A €100 million loan to the Republic of Lithuania will partially finance the country’s State Investment Programme, with focus on sectors of education, health, culture and sports. The Bank has already approved three loans worth €330 million to finance the Lithuanian State Investment Programme and to support the country’s continued efforts to improve public infrastructure. Direct beneficiaries of the loan will be public and regional entities, as well as municipalities. A large part of the Lithuanian population will benefit from the well-equipped, accessible and modernised public services.
An additional €80 million loan to the City of Malmö in Sweden will partially finance the city’s 2020-2022 budgetary expenditures for the modernisation, renovation and construction of education facilities. The previous CEB loan dedicated to investments in this sector in Malmö amounted to €160 million. All new school facilities are expected to be constructed in line with applicable construction and energy performance standards. The final beneficiaries will be students attending compulsory schools, including foreign-born children and school-age refugees from Ukraine.In the Czech Republic, CEB’s €60 million loan to Czechoslovak Commercial Bank (Československá obchodní banka CSOB CZ) will provide long-term funding for the revitalisation and modernisation of public infrastructure. The loan will also be used to co-finance projects funded by the European Structural and Investment Funds or the European Union’s Recovery and Resilience Facility. Furthermore, the CEB loan will support MSMEs through working capital financing and investment loans, thus improving competitiveness and employment throughout the Czech Republic. CSOB CZ will prioritise financing of MSMEs in the areas such as the green economy, innovation, research and development.
Set up in 1956, the CEB (Council of Europe Development Bank) has 42 member states. Twenty-two Central, Eastern and South Eastern European countries, forming the Bank's target countries, are listed among the member states.
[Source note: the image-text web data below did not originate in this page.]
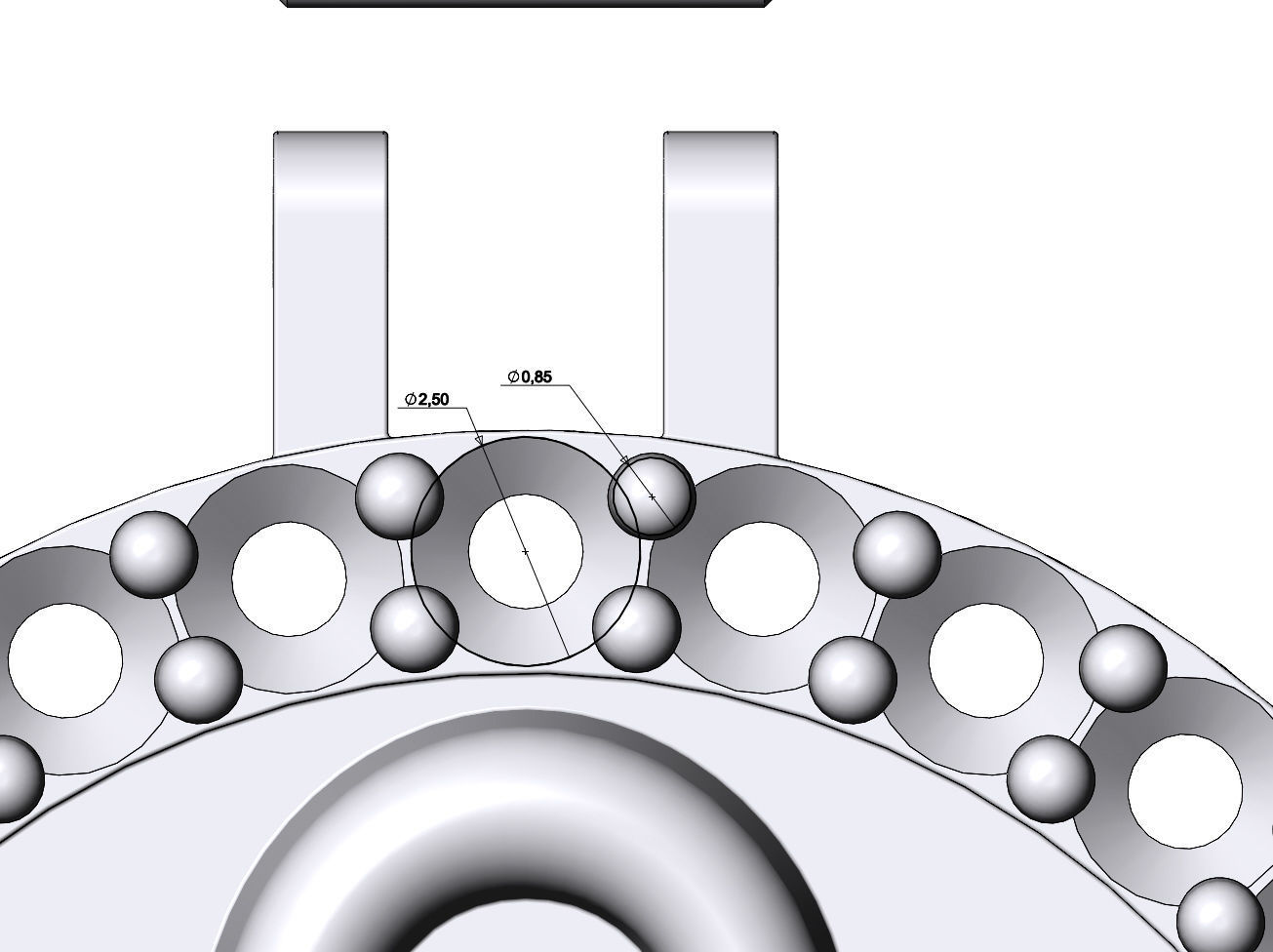  ANKH eternal key of life  diamond pendant with bail 3D print model_10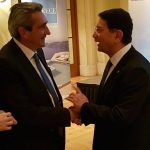 Ομιλία του Περιφερειάρχη Γιώργου Χατζημάρκου για τη γαστρονομία του Νοτίου Αιγαίου, ενώπιον του Γ.Γ. του Παγκόσμιου Οργανισμού Τουρισμού.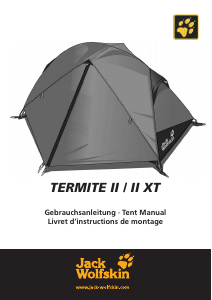 Handleiding Jack Wolfskin Termite II Tent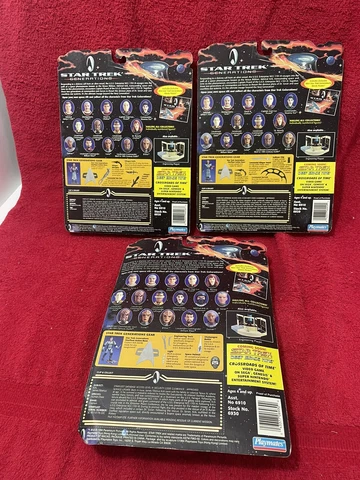 Lot of 3 1993 Playmates Star Trek Generations Figures NEW Kirk Betor Lursa Cover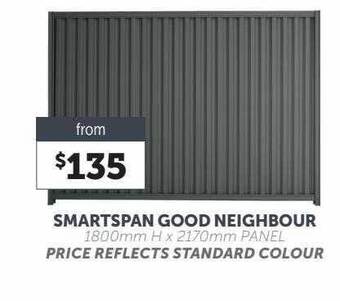 Stratco Smartspan good neighbour offer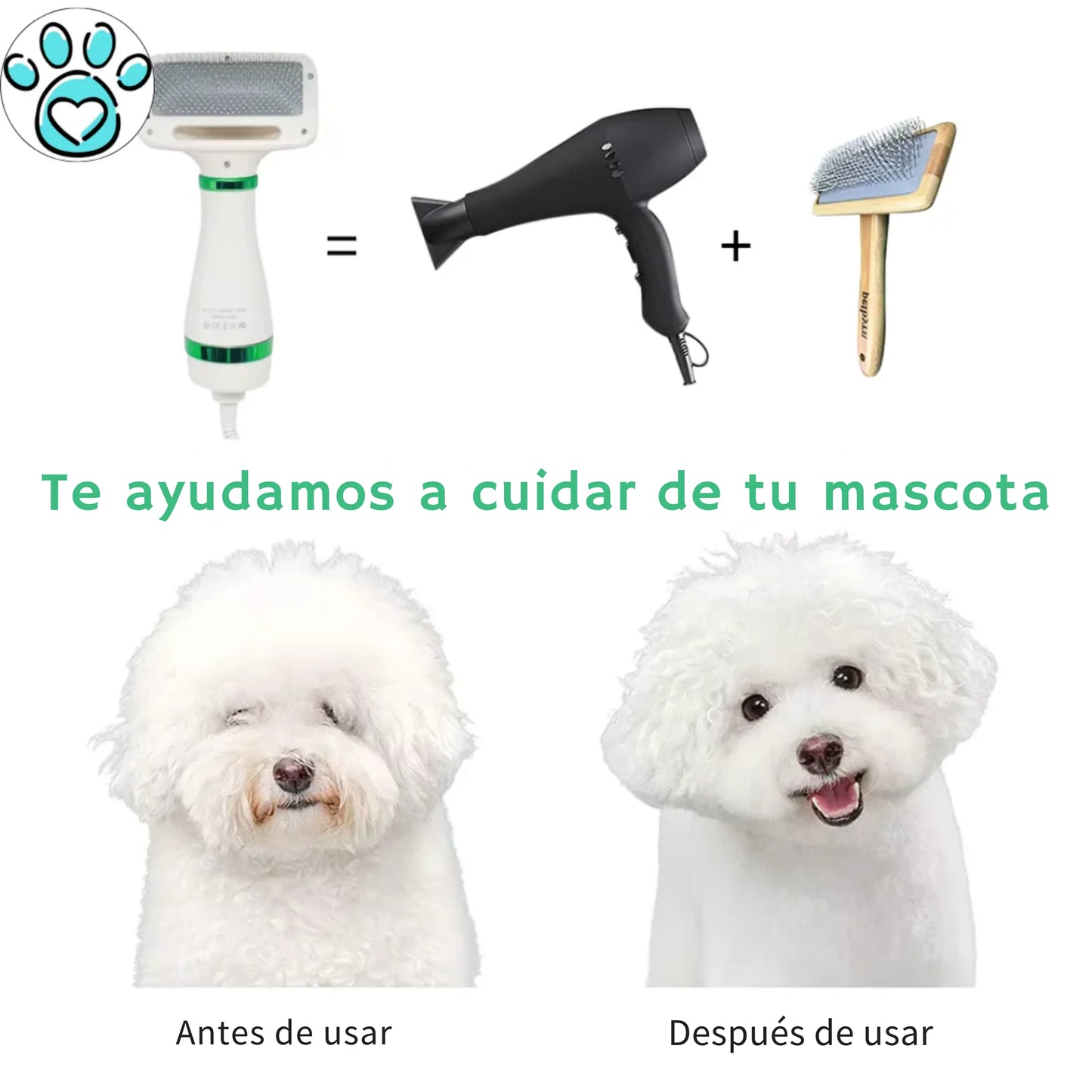 Secador de pelo de mascota 2 en 1 ¡ Envió Gratis!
As a major instrument of the policy of solidarity in Europe, the Bank finances social projects by making available resources raised in conditions reflecting the quality of its rating (Aa1 with Moody's, outlook stable, AAA with Standard & Poor's, outlook stable, AA+ with Fitch Ratings, outlook positive and AAA* with Scope Ratings, outlook stable). It thus grants loans to its member states, and to financial institutions and local authorities in its member states for the financing of projects in the social sector, in accordance with its Articles of Agreement.